- **Work task**
Reproduce every line of the material below exactly. No pictures belong in the copy.

- **Given information**
-=-=-=-=-
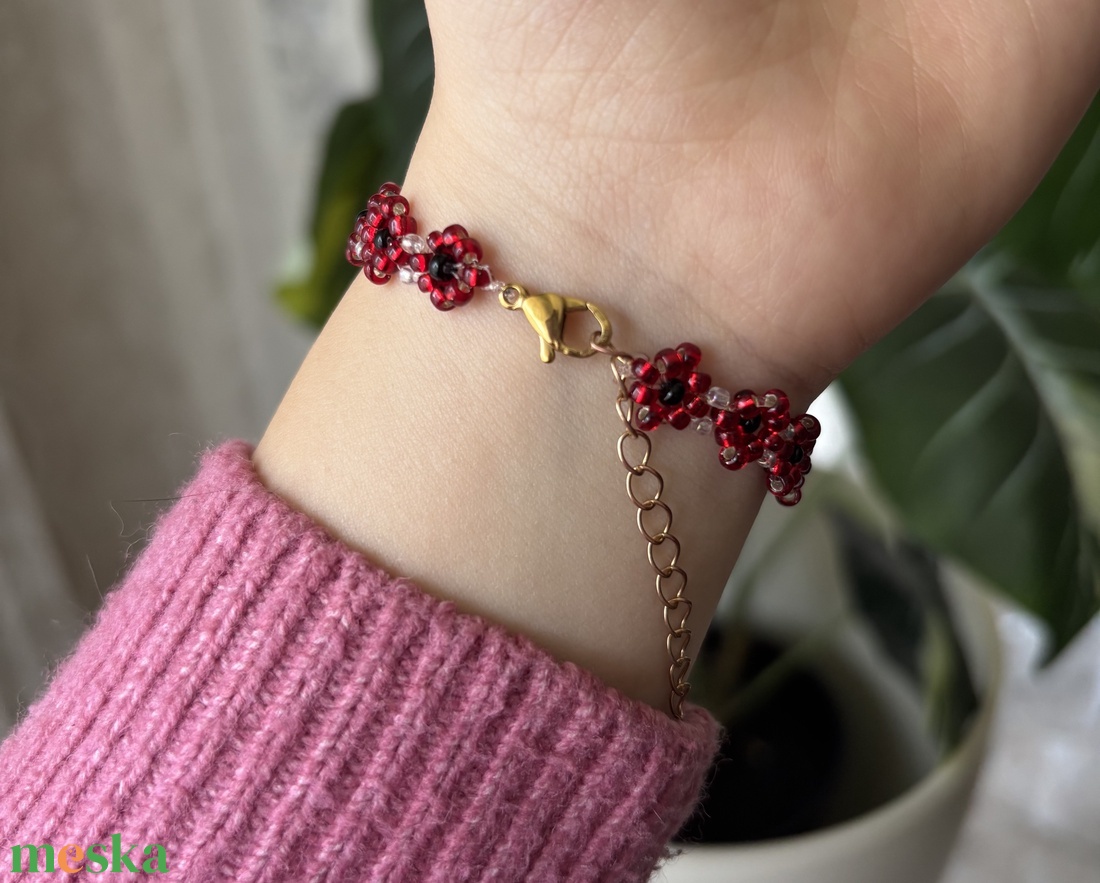 � Vérvörös pipacsos gyöngy karkötő - ékszer - karkötő - gyöngyös karkötő - Meska.hu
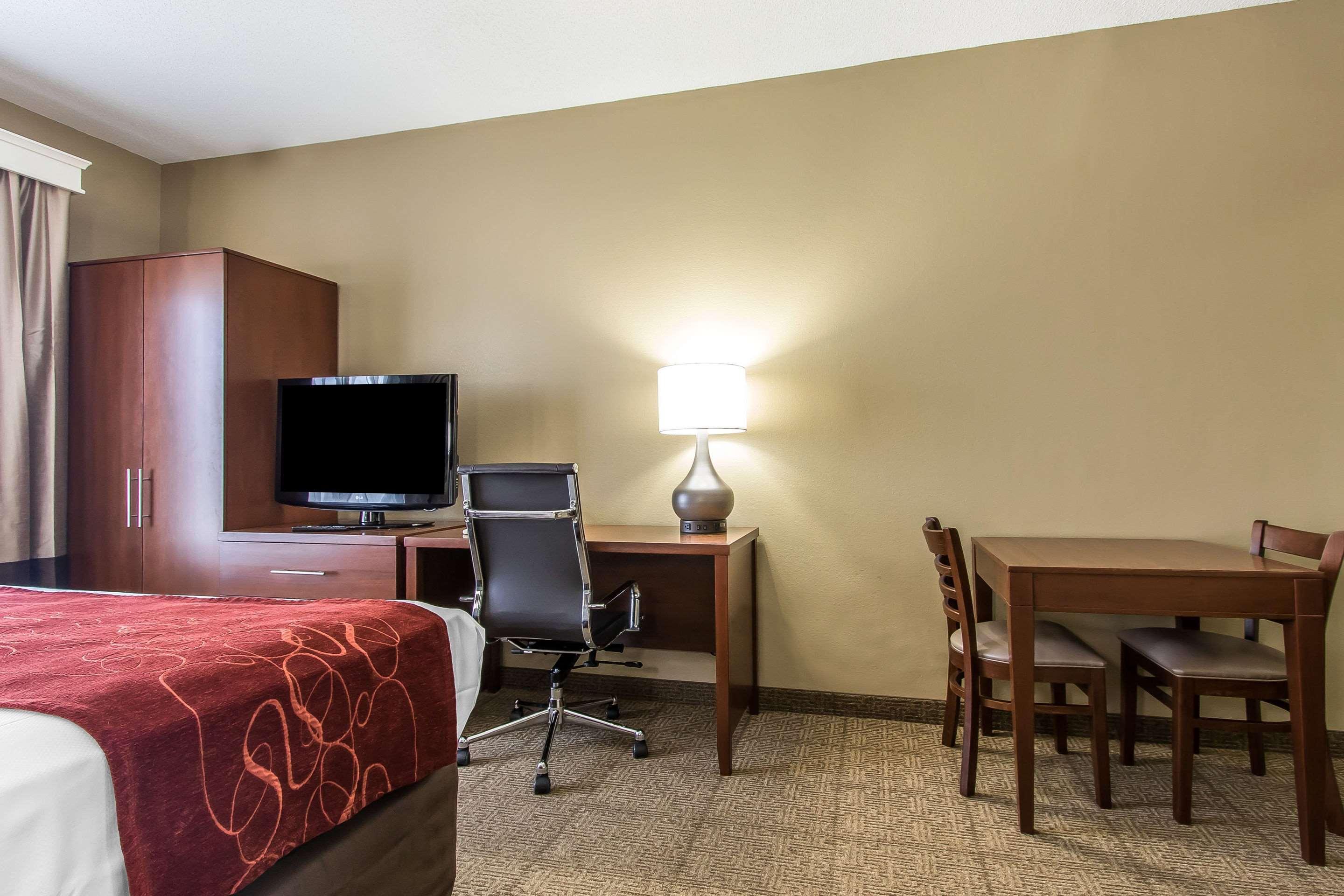 Comfort Suites Effingham Bagian luar foto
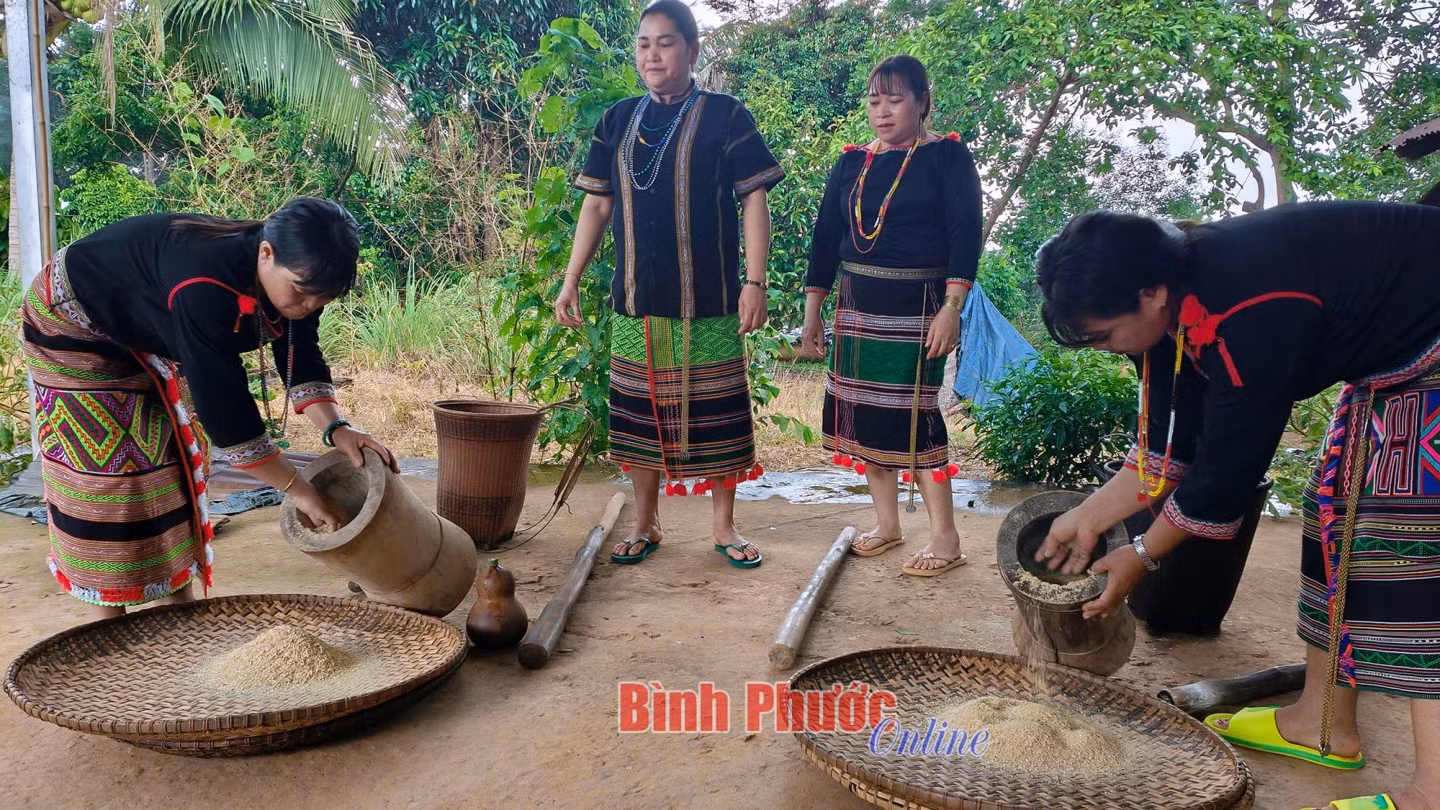 Sau lần giã đầu tiên, người dân đổ ra nia để sàng sảy tách vỏ trấu và gạo
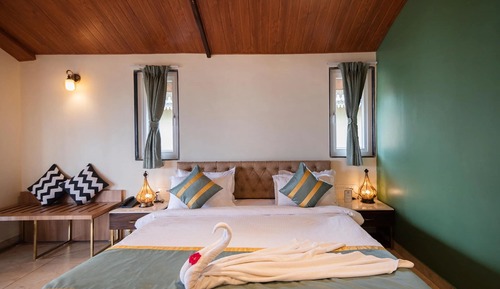 Executive Cottage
-=-=-=-=-
- **Result for this exercise**
 � Vérvörös pipacsos gyöngy karkötő - ékszer - karkötő - gyöngyös karkötő - Meska.hu
 Comfort Suites Effingham Bagian luar foto
 Sau lần giã đầu tiên, người dân đổ ra nia để sàng sảy tách vỏ trấu và gạo
 Executive Cottage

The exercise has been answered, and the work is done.